Developing Crypto

The biggest opportunity over the next decade is onboarding the next 1BN people into crypto. There are currently around 4m users who interact with DeFi and 80m unique blockchain wallets (0.1% of the global population). We are still in the very early stages of mass adoption of crypto, and chain tribalism distracts from the larger opportunity ahead.

I believe that the following things will happen:

  • We will live in a multichain world where chains are akin to nations (different philosophies, currencies, people and cultures)
  • Developer tooling, communities and libraries will become 10x better enabling a wider range of builders to develop natively on crypto.
  • Crypto will be abstracted away for the next 1BN people who are onboarding and most will have no idea that the experience is powered by crypto.

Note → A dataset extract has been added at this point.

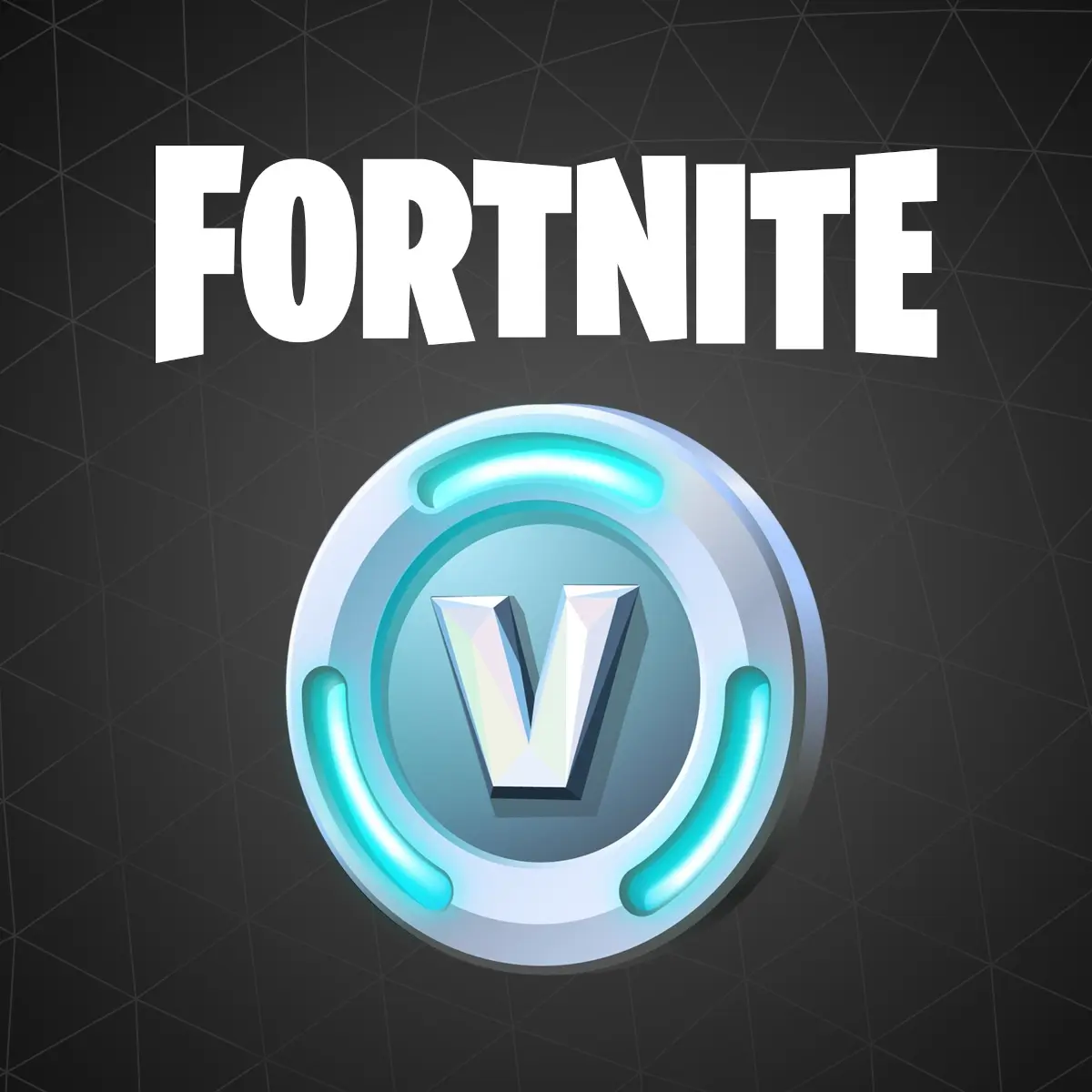 Fortnite V-Papel 5 TL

Multiple Chains Will Succeed

Multiple chains will endure and be “dominant”. Application developers will choose to route transactions through different chains depending on what they are trying to achieve. Developers have to think about the following things and it’s not immediately obvious where to build:

I believe we will live in a multi-chain future (e.g. Solana, Ethereum, Terra). Passionate, crypto native folks are often chain maximalists, but we all share one thing in common – we are crypto maximalists.

Developers will need to ask themselves the following questions (not a complete list) before they pick where to develop their applications and many successful applications will work natively across multiple chains:

  • Speed: What is the max load of the system? How fast can block confirmations happen? This varies a lot – Solana can process 65k transactions a second and has a block time faster than 0.5 seconds whereas Ethereum can process 30 transactions per second with a block time of 15 seconds.
  • Cost per transaction: What are the costs for different blockchains (L1 vs L2) to confirm transactions? Proof of work chains usualy cost more than proof of stake for example.
  • Security: How secure is the network? How battle tested is it? Are there good tools available to developers to plug common loopholes?
  • Decentralization: Can a small number of decision makers control outcomes or is the validator network decentralized?
  • Developers: Can you find Rust (Solana) or Solidity (Ethereum) for your project? Are there more folks with C (close to Rust) or JS (close to Solidity)background avaialble to be trained?
  • Community: Where are the users (geo) and what type of activity are they already doing (DeFi, NFT, Gaming)? Different chains have different levels of traction in different communities.
  • Onramps: Are there available Fiat onramps to the token that you require for the users you care about? Can you attract users or provide liquidity if needed?
  • Incentives: Are there special incentives on specific chains (grants or investment capital) or for users (liquidity mining) that can supercharge your growth?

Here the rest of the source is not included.